Sur “Kelvin”, tu énonces “Dans la tête c’est Raqqa, dans le coeur, c’est Helsinki”. Est-ce difficile de mettre des mots sur tes émotions les plus intimes ? Quid de ta pudeur face au public ?
Je ne pense pas à toutes ces questions quand j’écris. Je n’ai pas envie de mettre de filtre sur ce que je dis. Parfois, il m’arrive d’enlever une phrase, seulement car je ne la trouve pas assez bien formulée. En fait, dire ces choses, c’est ma manière de me livrer. C’est aussi une question de musique puisque je n’écris jamais sans musique derrière. C’est elle qui me fait kiffer, qui m’amène à certaines émotions, lesquelles me permettent d’écrire sur tel ou tel sujet.
A plusieurs reprises dans l’EP, tu évoques de ton enfance, plutôt heureuse. A quel moment as-tu pris conscience de cette chance ?
Je ne saurai pas te dire à quel âge, mais beaucoup plus tard. Un peu avant la vingtaine peut-être. J’ai conscientisé certaines choses à ce moment-là. Aujourd’hui toujours, je repense à cette époque, avec de nouvelles réflexions. Concrètement, mes parents ont tout fait pour que leurs enfants ne manquent de rien. Ma mère s’est souvent sacrifiée pour que nous vivions bien.
Comment travailles-tu en studio avec tes beatmakers ?

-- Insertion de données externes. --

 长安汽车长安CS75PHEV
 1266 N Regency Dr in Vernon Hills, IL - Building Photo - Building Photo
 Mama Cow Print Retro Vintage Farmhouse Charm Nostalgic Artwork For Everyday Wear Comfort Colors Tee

Je reçois beaucoup de prods de mes gars par mails, même quand on les fait ensemble au studio. Je travaille souvent chez moi, pour gagner du temps et arriver avec de la matière. Globalement, ils font la prod à 100% et je choisis ensuite ce qui me plaît le plus. Je les laisse maîtriser cette partie-là, je sais qu’ils font un travail de qualité et je leur fais pleinement confiance. Après, chaque son est unique et a son histoire : parfois, il se construit en équipe au studio, parfois en duo, parfois seul avec mon seul avis derrière…

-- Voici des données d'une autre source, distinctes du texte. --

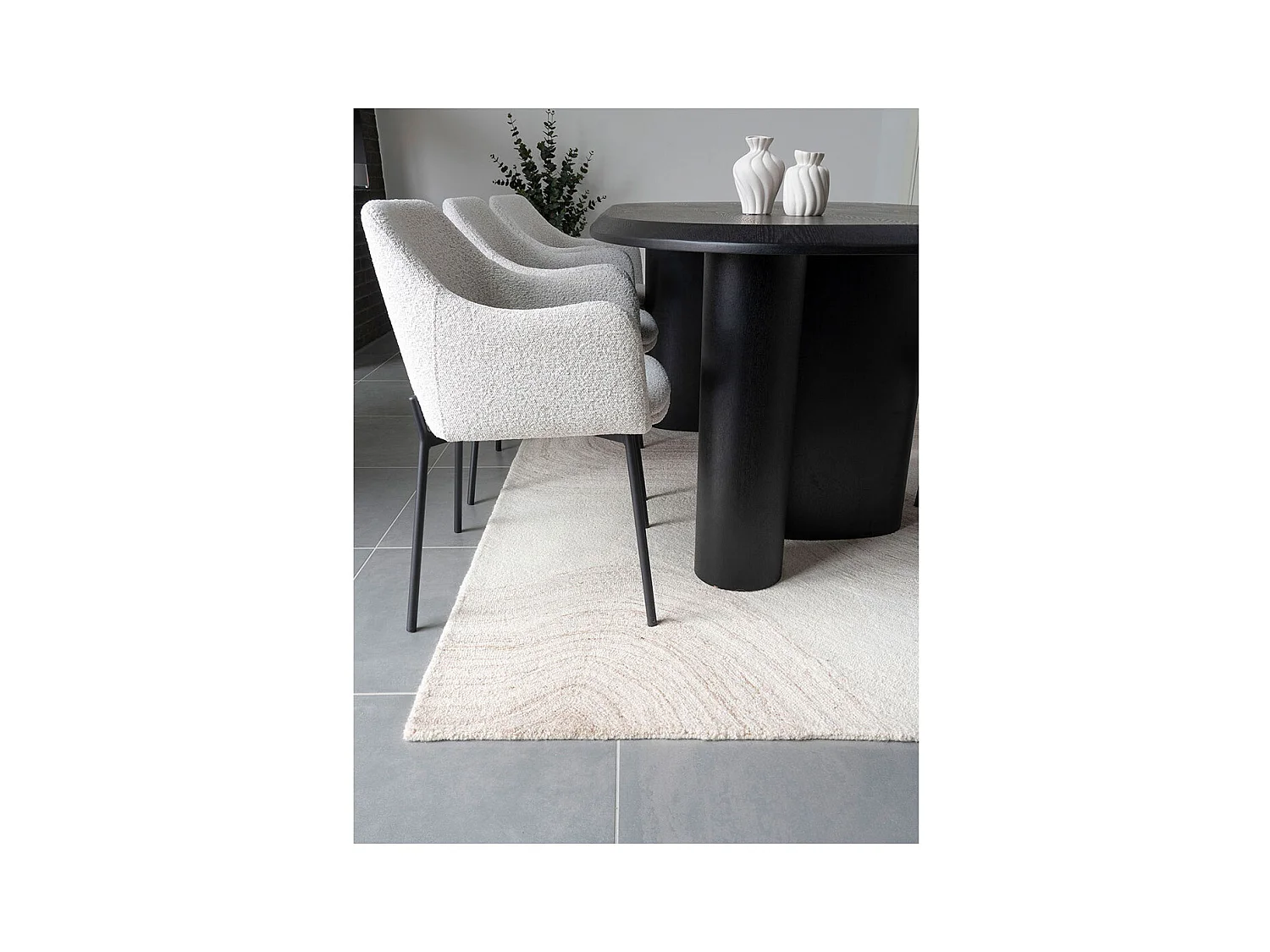 Surat Vloerkleed handgeweven, 200x300cm bruin, rauwwit.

En ce qui me concerne, j’ai toujours écrit chez moi, dans ma chambre. Aujourd’hui, c’est peut-être plus confortable ou automatique d’écrire chez moi. J’écris aussi de plus en plus au studio, même si c’est parfois plus dur de se concentrer quand il y a du monde. J’y arrive mieux qu’avant.
Parlons de la cover, plutôt sombre et assez floue. Pourquoi ce choix pour imager le projet ?

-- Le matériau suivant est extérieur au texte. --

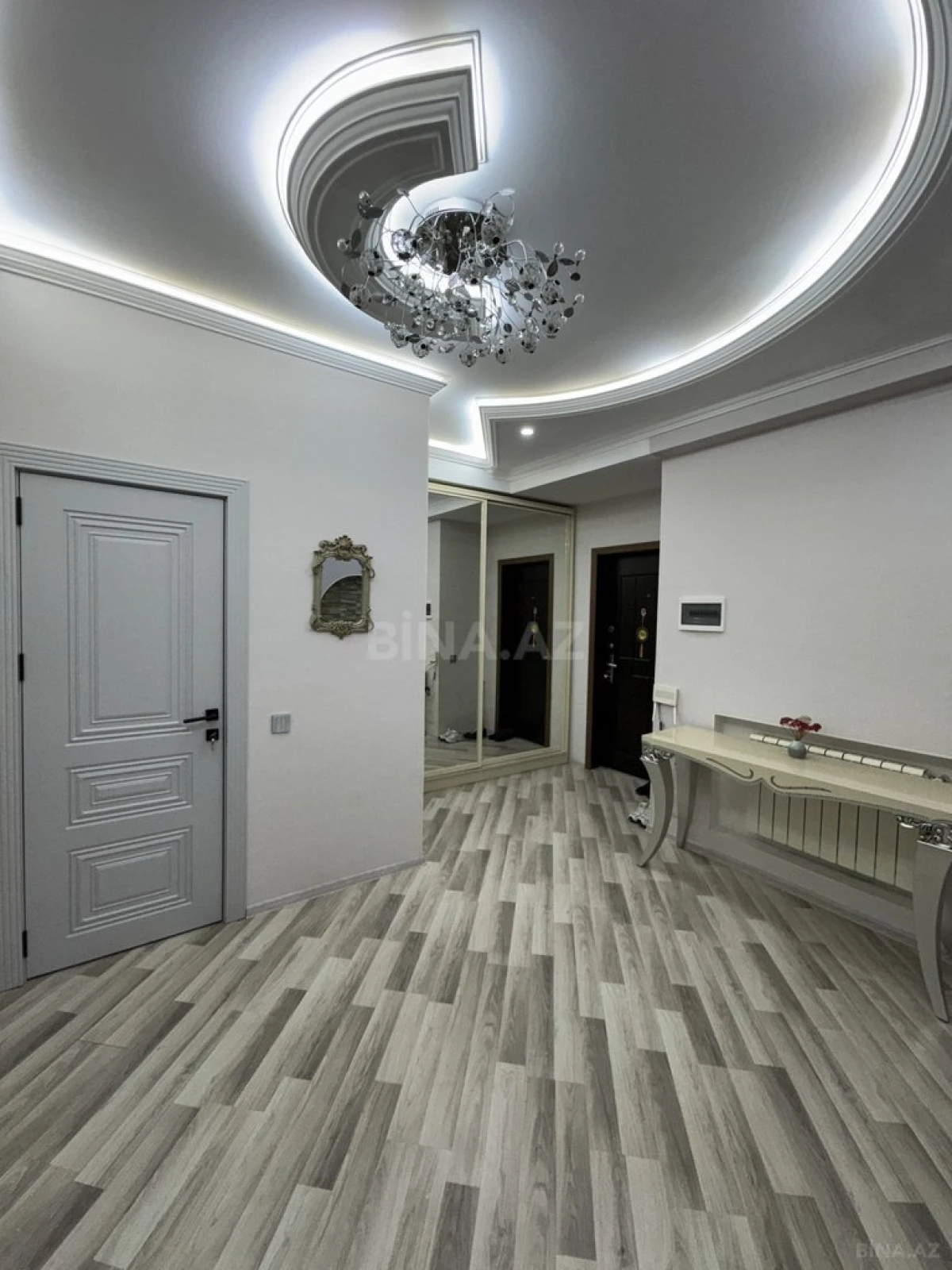 Satılır 3 otaqlı mənzil 120 m²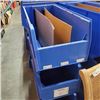 Image 5 : 3 QUANTUM QUS993 HULK CONTAINERS 16.5"X35.88"X17.5"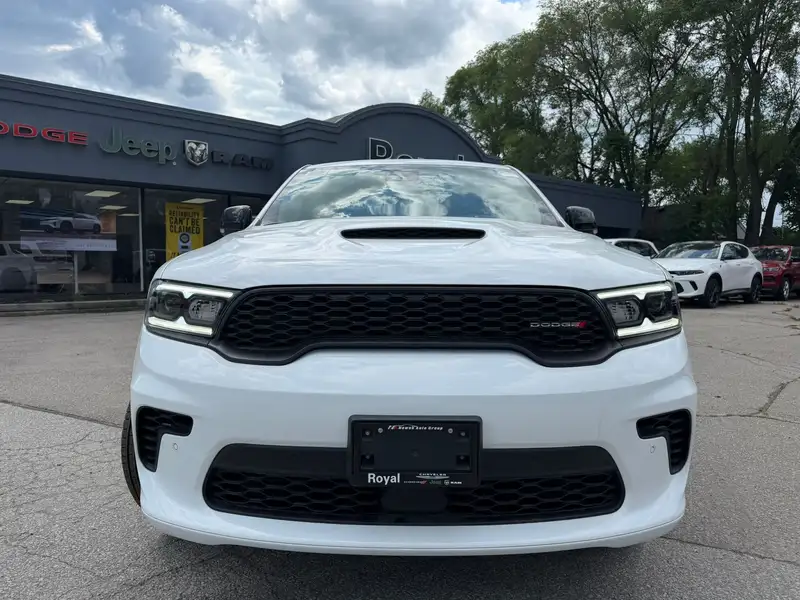 2026 Dodge Durango GT Plus, bílá, dovoz Kanada — foto 2 z 12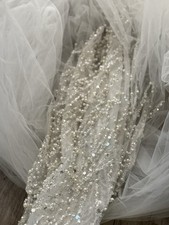 Beautiful Valuable Wedding Veil BRANDNEWGet it Before it's Gone Amazing Deals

Elle est assez sobre, c’est ce que je voulais. Je trouve qu’elle colle bien au projet, notamment sur la couleur grise qui correspond à l’ambiance de mes morceaux : le temps de Paris, mes descriptions et mes émotions.
Ma dernière question s’inspire de la phrase suivante, tirée du morceau “Plein Temps” : “Elle écoute du vieux son, j’suis presque vexé d’être dans sa playlist”. Quels artistes sont dans ta playlist ?
En ce moment, j’écoute un son un peu niché : “16 MISSED CALLS” de 2ELEVEN. C’est une reprise de Brent Faiyaz qu’un collègue m’a fait découvrir. J’ai aussi écouté, à retardement, le projet de Quavo & Takeoff. Et je pense au morceau “Amène” de Zaky, c’est super chaud ! J’ai pris ma claque !
“Rien ne change” de robdbloc est disponible sur toutes les plateformes de streaming.